Opinion
CA 3:03-CV-1883-R.
August 3, 2005
MEMORANDUM OPINION AND ORDER
Before the Court is Defendant Dallas/Fort Worth International Airport Board's ("DFW") Motion for Summary Judgment (filed June 27, 2005). For the reasons set out below, Defendant's motion is granted in part and denied in part.
In its reply brief, DFW objects to Marak's response for failing to comply with Local Rules 56.4 and 56.5. The Court will not impose any sanction for this oversight. DFW also objects to several portions of Marak's appendix. These objections are better served in a proper motion to strike instead of a reply brief. Nevertheless, the Court denies these objections.
I. Background
Plaintiff Michael Marak ("Marak") was employed with DFW for over 20 years as a Facilities Services Superintendent. In June 2003, DFW adopted a reduction in force ("RIF") plan and Marak was terminated. Marak alleges that DFW's RIF plan was specifically designed to rid the airport of older workers. Marak also alleges that DFW was aware of his decision to avail himself of his rights under the Family and Medical Leave Act ("FMLA"). Marak brought suit alleging DFW violated the Texas Commission on Human Rights Act, Tex. Lab. Code § 21.051 ("TCHRA"), Age Discrimination in Employment Act, 29 U.S.C. § 621 et seq. ("ADEA"), and the FMLA, 29 U.S.C. § 2615. DFW argues that the RIF was necessary to cure economic woes suffered by the airport, and that age played no part in Marak's termination.

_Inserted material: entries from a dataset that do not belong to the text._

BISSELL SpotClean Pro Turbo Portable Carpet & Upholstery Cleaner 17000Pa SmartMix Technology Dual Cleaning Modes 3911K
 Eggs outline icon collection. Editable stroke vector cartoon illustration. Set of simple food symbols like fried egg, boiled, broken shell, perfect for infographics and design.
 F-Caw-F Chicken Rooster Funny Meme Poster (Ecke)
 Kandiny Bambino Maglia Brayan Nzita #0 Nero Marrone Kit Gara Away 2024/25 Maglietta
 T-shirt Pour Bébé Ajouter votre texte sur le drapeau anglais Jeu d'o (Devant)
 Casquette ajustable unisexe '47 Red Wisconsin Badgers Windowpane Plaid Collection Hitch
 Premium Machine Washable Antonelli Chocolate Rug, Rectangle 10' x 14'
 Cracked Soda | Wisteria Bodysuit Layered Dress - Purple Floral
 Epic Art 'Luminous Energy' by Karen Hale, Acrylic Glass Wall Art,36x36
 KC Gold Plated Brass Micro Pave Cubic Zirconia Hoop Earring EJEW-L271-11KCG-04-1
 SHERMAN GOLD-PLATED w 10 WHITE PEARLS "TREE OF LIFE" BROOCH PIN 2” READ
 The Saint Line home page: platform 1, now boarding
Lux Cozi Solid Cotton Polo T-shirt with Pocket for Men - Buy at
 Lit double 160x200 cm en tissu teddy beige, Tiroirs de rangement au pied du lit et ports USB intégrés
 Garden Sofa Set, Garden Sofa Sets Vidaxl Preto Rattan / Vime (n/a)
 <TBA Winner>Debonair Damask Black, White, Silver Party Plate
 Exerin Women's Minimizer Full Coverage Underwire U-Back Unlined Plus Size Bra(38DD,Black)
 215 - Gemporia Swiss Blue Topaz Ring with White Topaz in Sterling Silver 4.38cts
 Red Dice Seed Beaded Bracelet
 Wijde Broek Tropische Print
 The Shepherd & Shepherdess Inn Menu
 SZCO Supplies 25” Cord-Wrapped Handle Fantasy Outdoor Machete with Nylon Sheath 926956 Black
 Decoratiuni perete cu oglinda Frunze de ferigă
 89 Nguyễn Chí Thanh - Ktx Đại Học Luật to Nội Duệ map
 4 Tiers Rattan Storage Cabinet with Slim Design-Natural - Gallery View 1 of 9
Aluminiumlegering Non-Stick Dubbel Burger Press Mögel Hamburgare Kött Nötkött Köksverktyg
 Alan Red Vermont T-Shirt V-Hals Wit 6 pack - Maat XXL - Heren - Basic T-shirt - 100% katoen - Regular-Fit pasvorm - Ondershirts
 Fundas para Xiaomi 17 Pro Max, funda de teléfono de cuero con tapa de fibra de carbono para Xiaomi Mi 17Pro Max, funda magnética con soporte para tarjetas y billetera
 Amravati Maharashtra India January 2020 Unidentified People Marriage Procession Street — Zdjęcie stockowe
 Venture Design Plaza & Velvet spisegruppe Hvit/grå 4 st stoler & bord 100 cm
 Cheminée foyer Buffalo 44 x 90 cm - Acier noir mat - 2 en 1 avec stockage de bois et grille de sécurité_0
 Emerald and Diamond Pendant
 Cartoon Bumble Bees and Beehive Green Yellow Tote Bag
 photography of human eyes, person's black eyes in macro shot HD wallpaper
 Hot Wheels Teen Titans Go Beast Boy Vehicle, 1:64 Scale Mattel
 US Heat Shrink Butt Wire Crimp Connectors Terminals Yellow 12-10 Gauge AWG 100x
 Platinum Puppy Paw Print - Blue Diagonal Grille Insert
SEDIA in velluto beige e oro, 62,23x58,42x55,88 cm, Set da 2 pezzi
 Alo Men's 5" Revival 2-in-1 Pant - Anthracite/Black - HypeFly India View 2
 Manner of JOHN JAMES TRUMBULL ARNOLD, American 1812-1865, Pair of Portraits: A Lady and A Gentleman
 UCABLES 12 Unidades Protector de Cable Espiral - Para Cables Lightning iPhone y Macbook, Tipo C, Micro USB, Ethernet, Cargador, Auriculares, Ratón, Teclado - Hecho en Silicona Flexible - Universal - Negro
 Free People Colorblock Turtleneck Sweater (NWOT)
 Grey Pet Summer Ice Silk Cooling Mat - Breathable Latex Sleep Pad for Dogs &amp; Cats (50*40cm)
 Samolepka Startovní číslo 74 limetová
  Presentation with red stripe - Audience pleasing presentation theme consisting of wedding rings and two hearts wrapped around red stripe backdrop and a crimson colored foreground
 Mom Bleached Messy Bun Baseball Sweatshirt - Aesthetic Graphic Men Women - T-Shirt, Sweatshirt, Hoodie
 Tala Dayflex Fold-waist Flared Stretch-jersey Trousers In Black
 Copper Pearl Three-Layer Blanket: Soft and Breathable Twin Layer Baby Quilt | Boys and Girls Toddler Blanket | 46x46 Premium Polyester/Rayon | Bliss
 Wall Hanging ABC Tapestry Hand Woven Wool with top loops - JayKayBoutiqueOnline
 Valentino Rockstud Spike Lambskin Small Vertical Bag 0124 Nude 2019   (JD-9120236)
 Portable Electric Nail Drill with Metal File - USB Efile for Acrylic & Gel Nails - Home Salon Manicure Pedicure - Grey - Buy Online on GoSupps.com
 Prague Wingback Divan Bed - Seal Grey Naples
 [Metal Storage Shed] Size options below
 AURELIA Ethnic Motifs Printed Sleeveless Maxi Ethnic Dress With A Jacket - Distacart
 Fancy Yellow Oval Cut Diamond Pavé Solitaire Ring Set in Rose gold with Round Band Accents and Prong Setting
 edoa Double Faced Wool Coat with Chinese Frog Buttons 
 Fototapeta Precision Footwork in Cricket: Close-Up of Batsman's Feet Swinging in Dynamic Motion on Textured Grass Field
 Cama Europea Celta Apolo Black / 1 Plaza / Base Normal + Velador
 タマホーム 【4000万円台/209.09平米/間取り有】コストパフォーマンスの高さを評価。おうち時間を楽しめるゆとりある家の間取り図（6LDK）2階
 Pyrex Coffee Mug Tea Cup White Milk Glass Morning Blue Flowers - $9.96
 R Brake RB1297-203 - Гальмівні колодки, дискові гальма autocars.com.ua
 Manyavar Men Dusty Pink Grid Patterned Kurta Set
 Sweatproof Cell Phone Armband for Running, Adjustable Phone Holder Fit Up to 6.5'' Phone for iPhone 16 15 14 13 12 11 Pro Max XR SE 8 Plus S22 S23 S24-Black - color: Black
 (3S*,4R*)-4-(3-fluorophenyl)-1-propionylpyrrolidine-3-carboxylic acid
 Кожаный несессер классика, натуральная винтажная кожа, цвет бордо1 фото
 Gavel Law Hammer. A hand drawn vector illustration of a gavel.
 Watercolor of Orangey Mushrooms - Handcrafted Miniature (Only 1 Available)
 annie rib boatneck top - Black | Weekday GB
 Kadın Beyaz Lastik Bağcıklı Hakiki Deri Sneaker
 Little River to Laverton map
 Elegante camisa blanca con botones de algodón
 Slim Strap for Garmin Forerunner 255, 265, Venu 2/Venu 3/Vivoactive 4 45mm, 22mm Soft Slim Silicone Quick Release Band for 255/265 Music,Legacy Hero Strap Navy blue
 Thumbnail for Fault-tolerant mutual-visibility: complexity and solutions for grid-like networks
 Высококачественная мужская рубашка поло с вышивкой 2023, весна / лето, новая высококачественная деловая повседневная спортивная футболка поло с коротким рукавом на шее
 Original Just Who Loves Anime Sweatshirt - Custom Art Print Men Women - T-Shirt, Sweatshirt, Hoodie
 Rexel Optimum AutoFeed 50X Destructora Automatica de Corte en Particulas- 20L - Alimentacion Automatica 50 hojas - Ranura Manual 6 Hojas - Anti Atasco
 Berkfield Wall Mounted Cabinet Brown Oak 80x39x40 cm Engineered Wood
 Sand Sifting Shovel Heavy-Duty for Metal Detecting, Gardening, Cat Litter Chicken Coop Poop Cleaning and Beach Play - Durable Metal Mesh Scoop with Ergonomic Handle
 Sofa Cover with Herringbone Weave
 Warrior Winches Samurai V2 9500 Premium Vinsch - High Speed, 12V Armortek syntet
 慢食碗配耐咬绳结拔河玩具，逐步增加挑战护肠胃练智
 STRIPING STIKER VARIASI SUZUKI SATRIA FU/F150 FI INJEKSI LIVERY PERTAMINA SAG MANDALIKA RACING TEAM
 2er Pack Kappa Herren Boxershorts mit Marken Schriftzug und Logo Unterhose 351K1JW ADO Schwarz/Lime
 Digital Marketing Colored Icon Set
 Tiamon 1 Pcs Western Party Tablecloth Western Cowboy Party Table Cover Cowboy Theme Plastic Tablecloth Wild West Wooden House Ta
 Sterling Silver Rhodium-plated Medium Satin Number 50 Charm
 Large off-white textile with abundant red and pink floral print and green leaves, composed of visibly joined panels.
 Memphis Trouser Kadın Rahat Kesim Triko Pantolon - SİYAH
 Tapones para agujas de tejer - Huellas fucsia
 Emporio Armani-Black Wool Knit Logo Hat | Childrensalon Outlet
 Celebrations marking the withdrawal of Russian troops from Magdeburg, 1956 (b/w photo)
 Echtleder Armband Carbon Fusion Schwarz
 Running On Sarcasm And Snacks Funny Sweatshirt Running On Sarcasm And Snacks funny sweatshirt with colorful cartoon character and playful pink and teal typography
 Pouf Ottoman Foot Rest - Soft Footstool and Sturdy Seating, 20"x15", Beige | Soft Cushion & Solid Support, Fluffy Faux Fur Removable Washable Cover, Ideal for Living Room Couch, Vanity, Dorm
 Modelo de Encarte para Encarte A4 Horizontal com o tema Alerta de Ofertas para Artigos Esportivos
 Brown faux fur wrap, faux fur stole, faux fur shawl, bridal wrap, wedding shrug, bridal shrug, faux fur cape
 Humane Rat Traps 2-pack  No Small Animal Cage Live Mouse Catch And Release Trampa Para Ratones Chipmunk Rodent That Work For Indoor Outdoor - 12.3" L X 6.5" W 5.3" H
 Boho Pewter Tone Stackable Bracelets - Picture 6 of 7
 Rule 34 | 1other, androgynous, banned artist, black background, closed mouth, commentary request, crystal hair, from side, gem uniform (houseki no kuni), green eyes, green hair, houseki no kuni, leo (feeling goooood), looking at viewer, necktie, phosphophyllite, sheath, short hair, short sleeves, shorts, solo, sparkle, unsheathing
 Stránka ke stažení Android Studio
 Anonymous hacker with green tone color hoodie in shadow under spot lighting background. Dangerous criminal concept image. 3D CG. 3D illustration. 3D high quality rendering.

DFW also argues Marak was unqualified for any position after the RIF reorganization.
On March 22, 2004 this Court granted DFW's 12(b)(6) motion to dismiss Marak's § 1983, contract, tort, and punitive claims, and on April 28, 2004, the Court erroneously entered final judgment dismissing all of Marak's claims with prejudice. This Court was reversed, and now Marak's remaining claims are before the Court.
See Marak v. Dallas/Fort Worth Intl. Airport Bd., 124 Fed.Appx. 272 (5th Cir. 2005).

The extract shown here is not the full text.